** EXERCISE DATA follows **
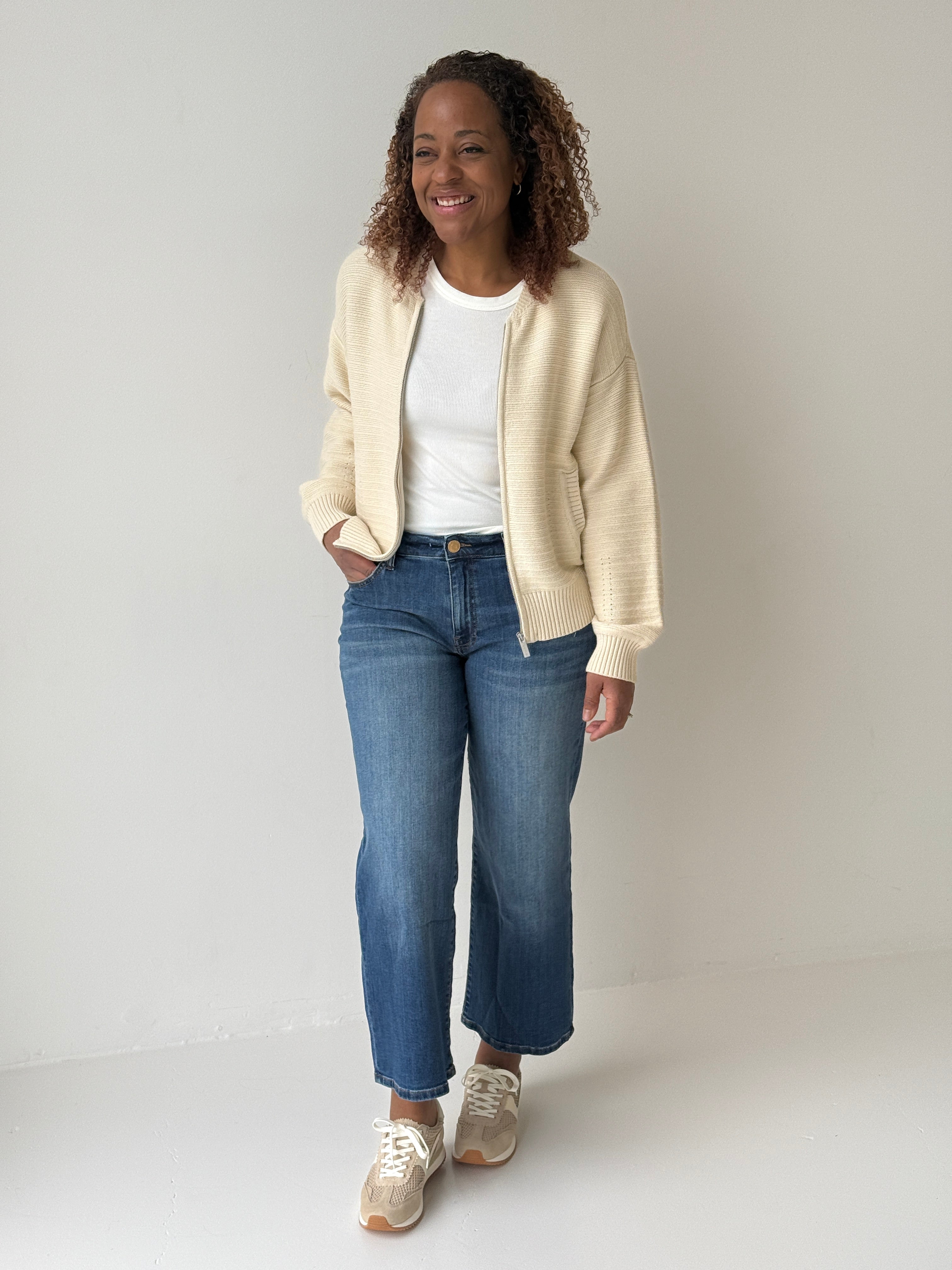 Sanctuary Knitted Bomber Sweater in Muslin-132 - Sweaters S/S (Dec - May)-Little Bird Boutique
** End of EXERCISE DATA **
** EXERCISE DATA follows **
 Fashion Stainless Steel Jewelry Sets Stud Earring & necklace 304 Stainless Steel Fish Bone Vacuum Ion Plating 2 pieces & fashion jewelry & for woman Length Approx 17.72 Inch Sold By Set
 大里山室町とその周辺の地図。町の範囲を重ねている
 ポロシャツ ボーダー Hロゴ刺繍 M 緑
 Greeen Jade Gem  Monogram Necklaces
** End of EXERCISE DATA **
▶ WORK REQUIRED: Transcribe the lines above between the line holding "ポロシャツ ボーダー Hロゴ刺繍 M 緑" and the line holding "Greeen Jade Gem", inclusive, exactly as they stand and with nothing added.

▶ RESPONSE TO THIS TASK:
 ポロシャツ ボーダー Hロゴ刺繍 M 緑
 Greeen Jade Gem  Monogram Necklaces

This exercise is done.